I am working on an offline C# application that can find bus routes. I can extract the timetable/bus/route data. I am searching for the most simple solution that will work with
Just wanted to share my final approach on this problem. This was part of a university project, so it might not be fully suitable for real world use. It had to be reasonably fast to run on a Windows Mobile device.
I ended up using 4 tables (SQLite). One table keeps the list of buses, the second one keeps a list of stations. Another table keeps the combinations - what bus does stop at a specific station and where does it go from this station and how long (minutes) does it take. All combinations have to be stored. And the last table is a simple time-table. For every station it lists every bus that stops there and the time (I stored the time as integer value - 14:34 is 1434, to make it faster for comparing).
I used a bi-directional breadth first search algorithm. The neighbor stations (directly accessible) are retrieved for the start station and destination station. There is a path from station A to station X if these two "graphs" overlap on a station. For example, from station A you can get to stations B,C,D,E (by using specific buses). And from the destination station X you can get directly to N,C,Z. These two graphs overlap on station C. So a path A -> C -> X exists. If no paths are found in this first iteration, then the algorithm continues and spreads out the graphs (BFS) again.

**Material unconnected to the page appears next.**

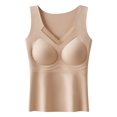 thumbnail image 1 of Busydd Tank Top for Women Built in Bra Casual Comfy Solid Color Women's Thermal Underwear Sleeveless Round Neck Womens Undershirts 2XL, 1 of 4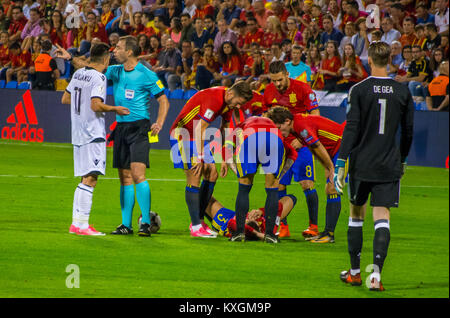 Encuentro de 00421 España contre l'Albanie, partido de clasificación para el Mundial de Rusia 2018, en el Estadio Rico Pérez de Alicante (España) Banque D'Images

Time is not taken into account in the first step - this makes it fast enough. You only get a list of possible paths with a list of buses that you have to use to take these paths. The times are evaluated in the last step, you go through the list of possible paths and check if the bus travels within the specific time (increasing the time every stop).
On a small city, with 250 stations and 100+ buses/railways, these approach works up to 3 changes (where you have to change the buses on the journey). It takes only seconds to calculate. But I had to load the whole database into memory (Dictionary) to speed up the queries, which were taking too long.
I don't think this would work for a large network though. But it works for a public transport of a single small-medium size city.